# retrofit drawer with sliders



## kcrandy (Jan 1, 2009)

I have a house built in 1926 and three of the drawers in the kitchen nook are original to the house. I'd like to retrofit them with slides so they pull out easy instead of the clunky one rail system they currently have. Is this doable. Any recommendations on what sorts of slides (there is probably another term I should be using) to use? Thanks to all for this grreat site.


----------



## Gene01 (Jan 5, 2009)

There's always under mount glides that attach under the bottom of the drawer. Then there are those that fit under the drawer and cradle the drawer sides. Either of these would ease the side clearance frustration.
Cabinet parts is just one supplier. There are many.
I happen to like Blum, though.


----------



## bobdurnell (Sep 24, 2007)

kcrandy- I've used Accuride under mount drawer gllides alot. I don't know if by now they make a full extension one. I would go with the side mount if you have that 1" but if not the undermount work pretty good. I always support them with some 1×2's rather than the hardware that is supplied.
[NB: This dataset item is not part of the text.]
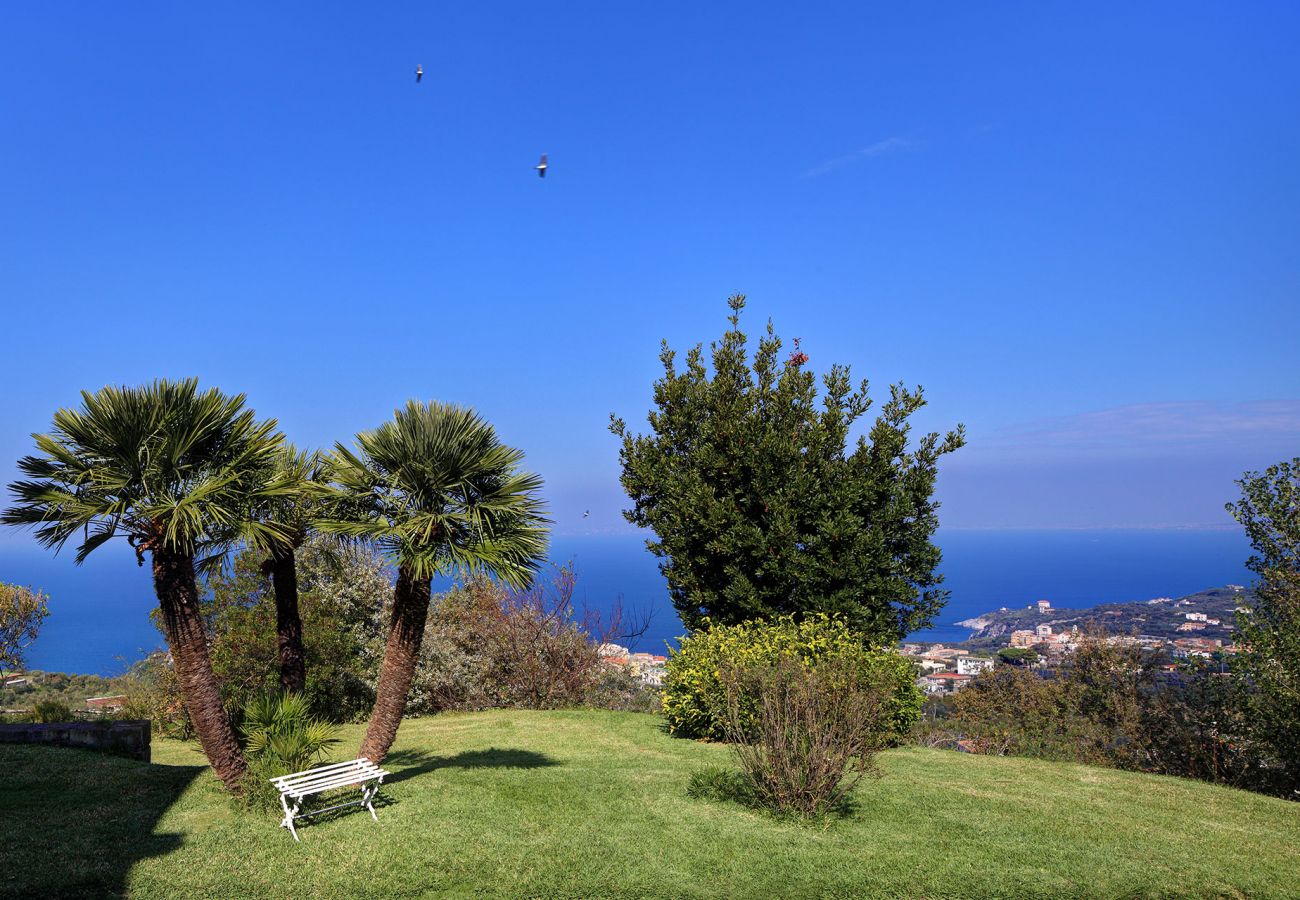 Villa a Massa Lubrense - Fondo Turiello. Authentic Italian Villa, with Pool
Hoped this helps. bob


----------



## HCC (Mar 1, 2010)

I recently retrofitted a kitchen like you considering. I had to recess the drawer slides into the faceframe of the cabinet, just make sure not to exceed the distance of the drawer front lap. If its like mine was you'll need to recess the slides 3/8" into the face frame and then depending on the clearance of the drawer 0-1/8" on the drawer. I installed full extension soft-close side mount slides.


----------



## kcrandy (Jan 1, 2009)

Thanks to all for most helpful responses!


----------